Desde entonces, el Estado yanqui se ha convertido en una monstruosa y paquidérmica máquina militar-burocrática y los ejecutivos de las grandes corporaciones cumplen periódicamente funciones en las altas esferas del poder político, a la vez que la corrupción directa de los mandatarios y funcionarios alcanza proporciones gigantescas, y hasta han sido legalizados los grupos de presión (lobbies), estructurados por los monopolios para operar directamente sobre los legisladores. Las elecciones se realizan regularmente, los presidentes se suceden unos a otros, pero el Estado sigue en las mismas manos.
Semejante subordinación de la inmensa mayoría de la sociedad norteamericana a un puñado de todopoderosos capitalistas monopolistas reduce a los ciudadanos a la triste condición de súbditos de las corporaciones dominantes.

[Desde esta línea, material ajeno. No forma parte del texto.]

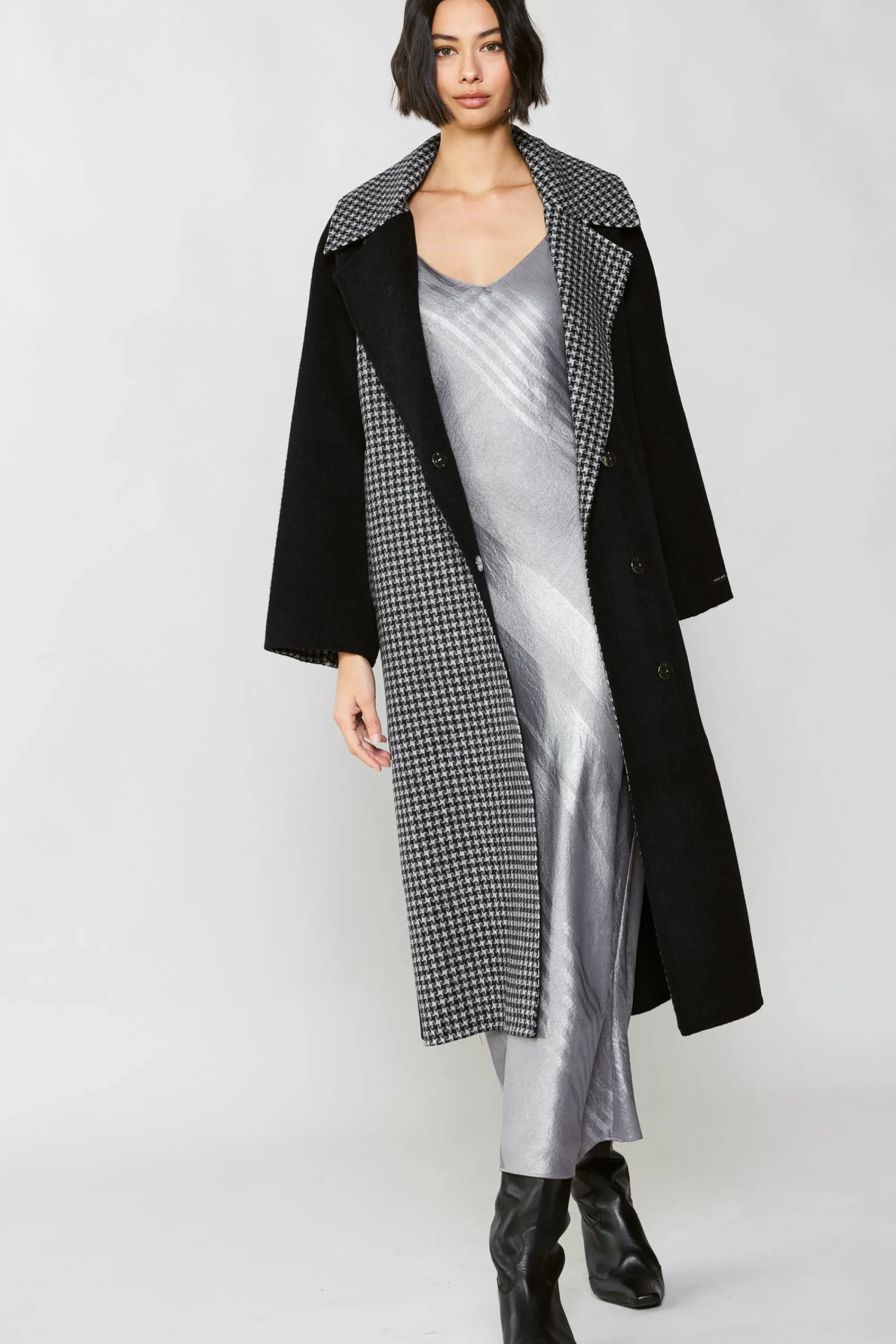 Current Air Coats & Jackets-Houndstooth Oversized Wool Coat BLACK-HOUNDSTOOTH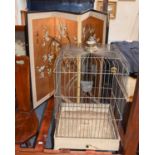 A Wirework Birdcage, 45cm square by 80cm and A Japanese Painted Four-Fold Silk Screen, decorated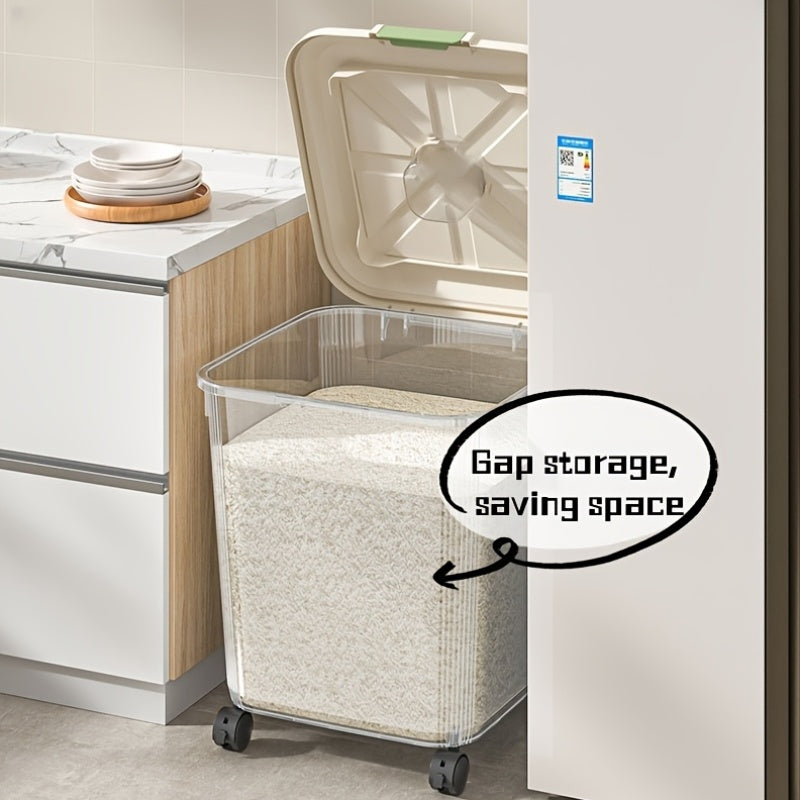 Large Capacity Rice Storage Box with Lid & Universal Wheels – Sealed PP Cereal Container, Movable Kitchen Pantry Storage, 2-Pack or 4-Pack (11–55 lbs)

Los norteamericanos saben bien, por experiencia, que la “gran política” es para los que tienen y no para los que no tienen. No es extraño entonces que la abstención trepe al 50% del electorado. A la vez, la represión al movimiento obrero y las tremendas trabas a la propia sindicalización no son cosas del pasado: desde 1947, rige en Estados Unidos la infame ley Taft-Hartley para “reglamentar” el derecho de huelga, que se entreteje con infinidad de otras leyes represivas, federales y estaduales. Los paros que afecten “toda una industria o una parte sustancial de ella, que ponga en peligro la salud o la seguridad nacional” pueden declararse ilegales por un período de cuatro meses y medio. En fin, “la gran democracia del Norte” no es otra cosa que la dictadura del gran capital. Ni las formas republicanas de gobierno ni el propio sufragio universal pueden alterar el carácter del Estado como instrumento de las clases dominantes.

En determinadas situaciones de crisis y de ascenso revolucionario de las masas, al ver peligrar el Estado burgués, los sectores más reaccionarios y chovinistas del capital financiero apelaron –en una serie de países imperialistas- a la dictadura terrorista, el fascismo. Aprovecharon para ello la división del pueblo y las insuficiencias de las fuerzas revolucionarias. Veremos especialmente el caso de los países dependientes, donde los imperialismos –“democráticos” o “socialistas”– muchas veces imponen dictaduras fascistas en alianza con los terratenientes y otros sectores reaccionarios locales.
La Unión Soviética socialista y el proletariado internacional, con los comunistas al frente, fueron el principal factor de la derrota mundial del fascismo en 1945. Sobre esta base, se ampliaron las libertades democráticas y se extendió el sufragio en Occidente. Pero las reformas democráticas no sólo no cambiaron la naturaleza del Estado sino que reforzaron como nunca los monopolios que lo controlan, debido a la degeneración revisionista de los grandes partidos comunistas de Occidente y al peso de la socialdemocracia tradicional.
Los renegados del marxismo exhuman viejos dogmas burgueses y los actualizan. Confunden forma de gobierno con Estado y pontifican que la democracia es un Estado, un marco de reglas, de normas, de instituciones establecidas por la voluntad de los ciudadanos y sometidos a su control permanente. Esta tesis fue refutada hace mucho por Gramsci, quien escribió en sus Notas sobre Maquiavelo, sobre la política y sobre el Estado moderno: “La confusión entre Estado-clase y sociedad regulada es propia de las clases medias y de los pequeños intelectuales, quienes verían con agrado cualquier equilibrio que impidiese las luchas agudas y las catástrofes; es una concepción típicamente reaccionaria y regresiva”.